Keep every word of the listing and reproduce it exactly, but set aside any image found there.

RECORDED DATA:
>>>>>
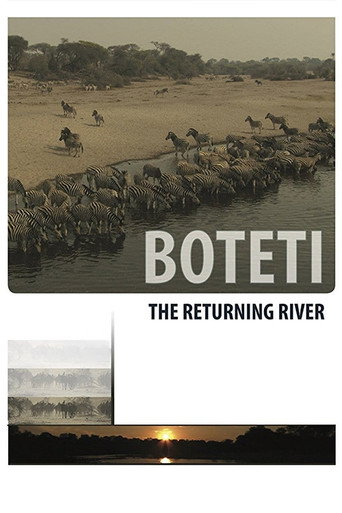 Movie poster for Boteti: The Returning River (2011)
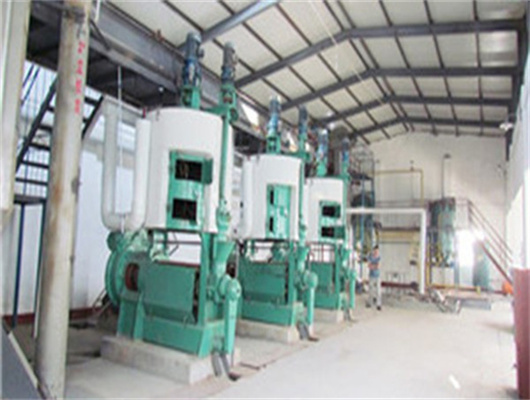 palm kernel oil extraction machine manufacturer in malaysia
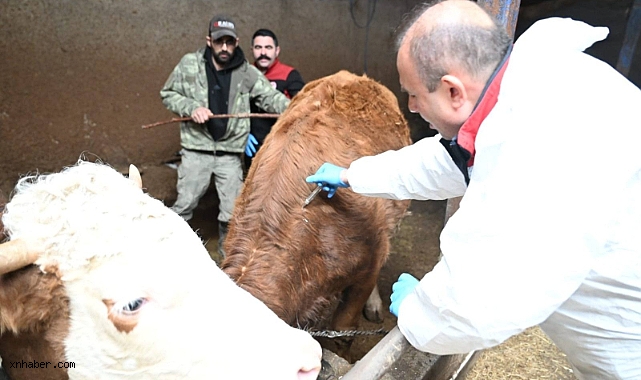 Kayseri’de İlkbahar Dönemi Şap Aşılama Kampanyası Başladı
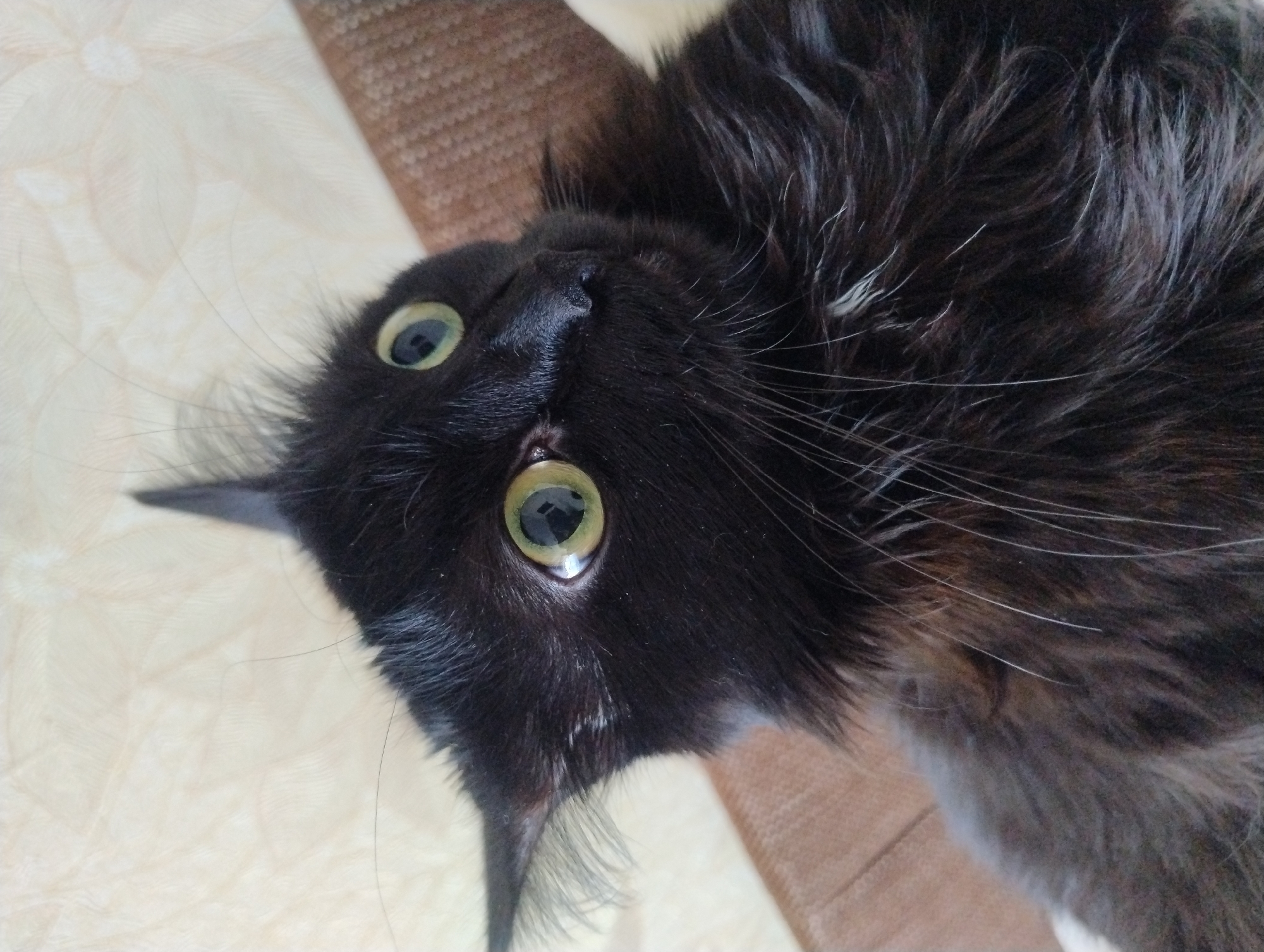 A black cat with wide, green eyes is looking directly at the camera with a startled expression. Its fur is fluffy, and its ears are perked up. The cat is lying down on a patterned, light-colored surface, possibly a blanket or couch. A brown, textured surface is visible behind the cat. The lighting appears to be natural, casting soft shadows. The overall scene is a close-up portrait of the cat's face and upper body.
<<<<<
SOLVED EXERCISE:
 Movie poster for Boteti: The Returning River (2011)
 palm kernel oil extraction machine manufacturer in malaysia
 Kayseri’de İlkbahar Dönemi Şap Aşılama Kampanyası Başladı
 A black cat with wide, green eyes is looking directly at the camera with a startled expression. Its fur is fluffy, and its ears are perked up. The cat is lying down on a patterned, light-colored surface, possibly a blanket or couch. A brown, textured surface is visible behind the cat. The lighting appears to be natural, casting soft shadows. The overall scene is a close-up portrait of the cat's face and upper body.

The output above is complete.